### Available data
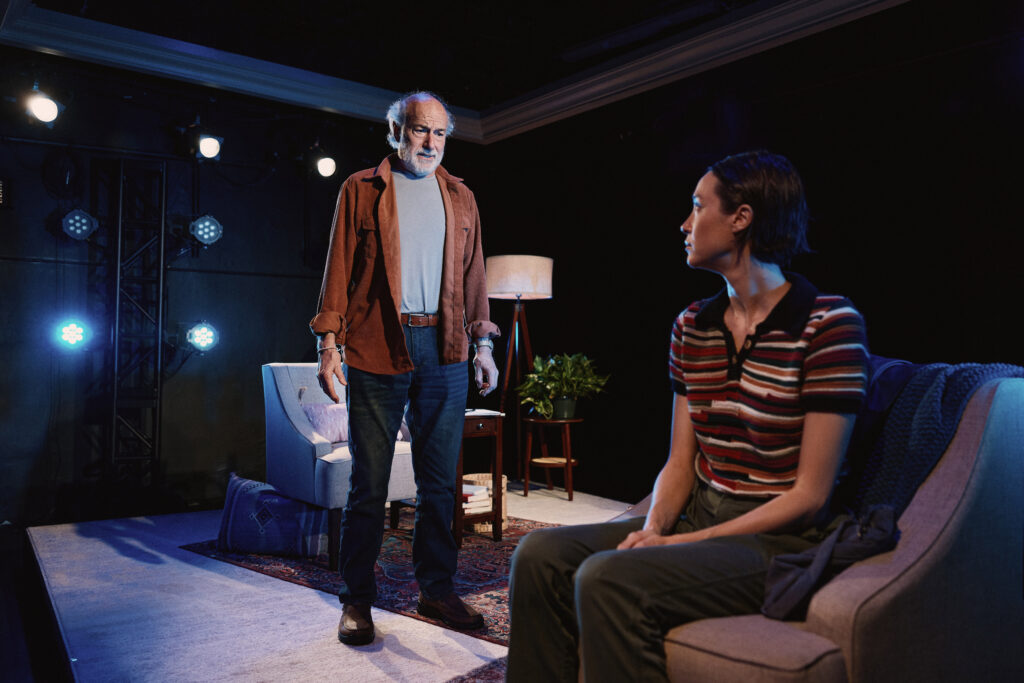 Peter Friedman and Sydney Lemmon in JOB at SoHo Playhouse. Photo by Emilio Madrid.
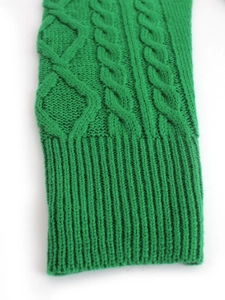 Detail of cable knit pattern and ribbed cuff on a bright emerald green sweater dress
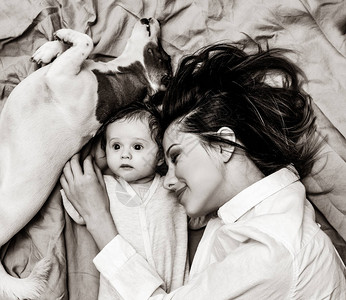 年轻母亲和有狗的小孩躺在床底背景上图像以黑白颜色图片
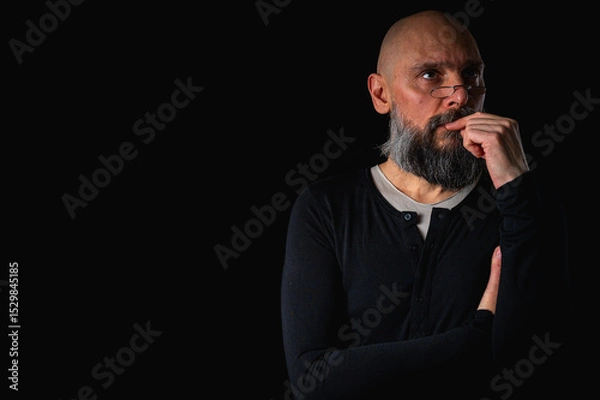 Obraz Thoughtful bald man with beard and glasses looking up, touching temple, deep in thought, isolated on black background. Concept of ideas, planning, decision-making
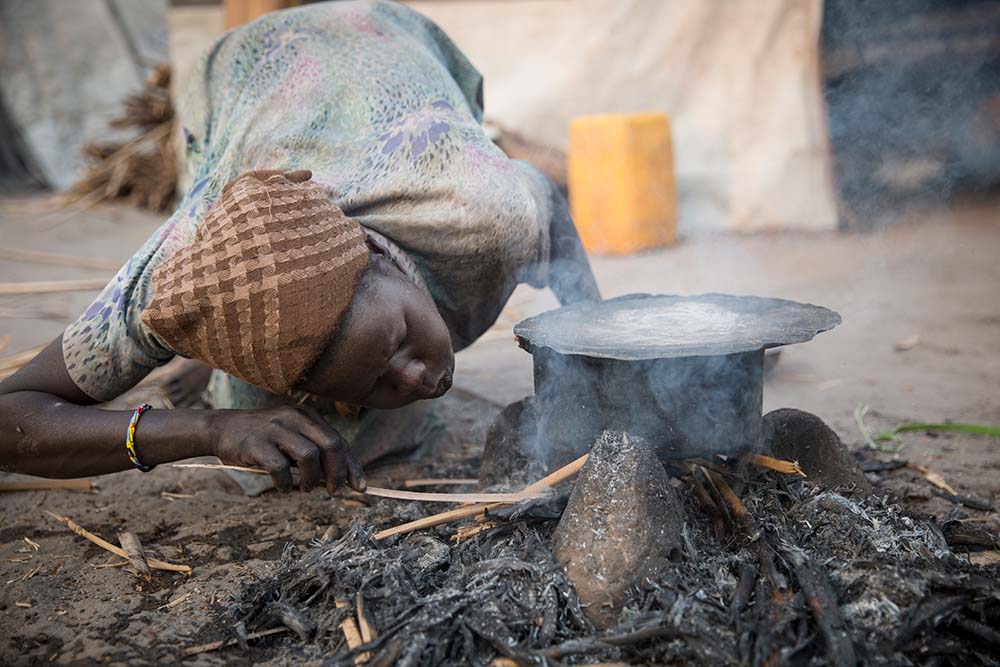 A woman starts a cooking fire at the temporary settlement built on Kok Island in the swamps of Unity State. During the South Sudanese Civil War, people began hiding on the islands from fighting. (Photo: Kieran McConville/Concern Worldwide)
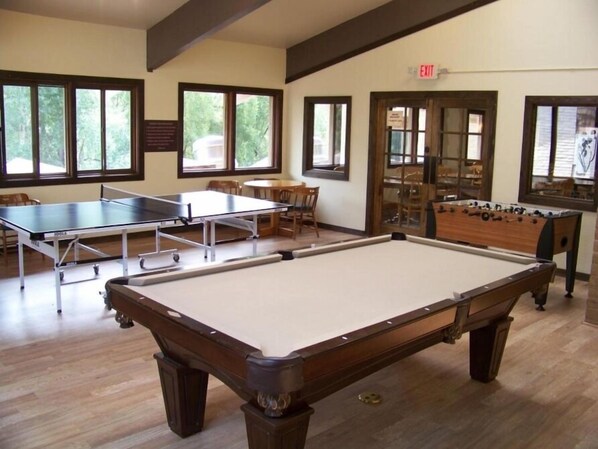 Une salle de billard équipée d’une table de billard, d’un baby-foot et d’une table de ping-pong.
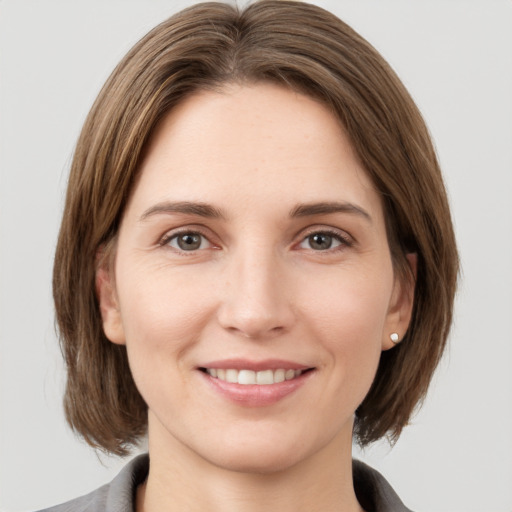 Joyful white young-adult female with medium  brown hair and grey eyes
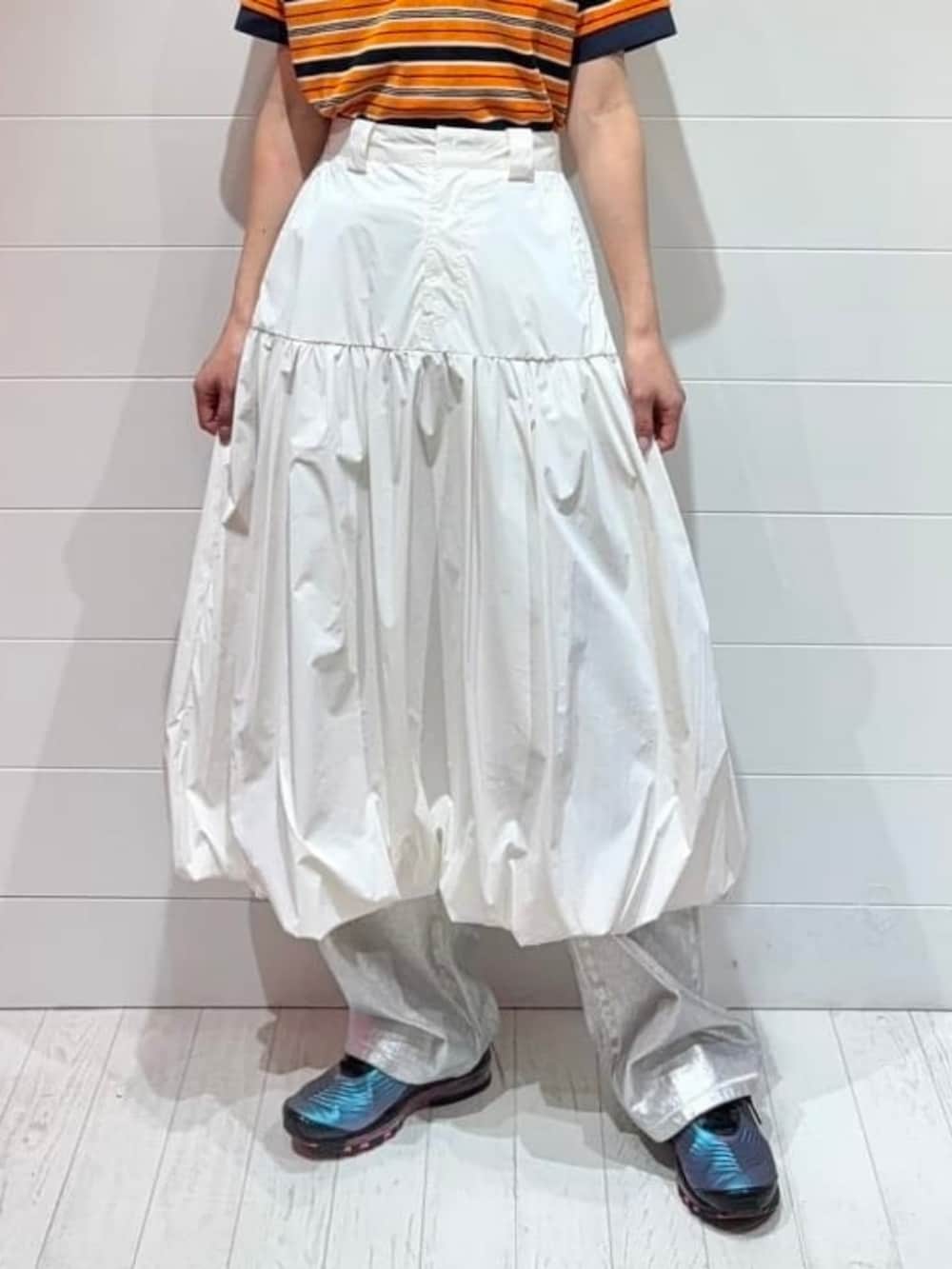 ホワイト系のデニムパンツ、ホワイト系のスカート、ブラック系のトートバッグを着用したレディースの春コーディネートの3枚目の写真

### What is needed
In the entries above, find the line containing "Obraz Thoughtful bald" and the line containing "A woman starts"; give again exactly those two lines and every line between them, minus the pictures.

### Solved problem
 Obraz Thoughtful bald man with beard and glasses looking up, touching temple, deep in thought, isolated on black background. Concept of ideas, planning, decision-making
 A woman starts a cooking fire at the temporary settlement built on Kok Island in the swamps of Unity State. During the South Sudanese Civil War, people began hiding on the islands from fighting. (Photo: Kieran McConville/Concern Worldwide)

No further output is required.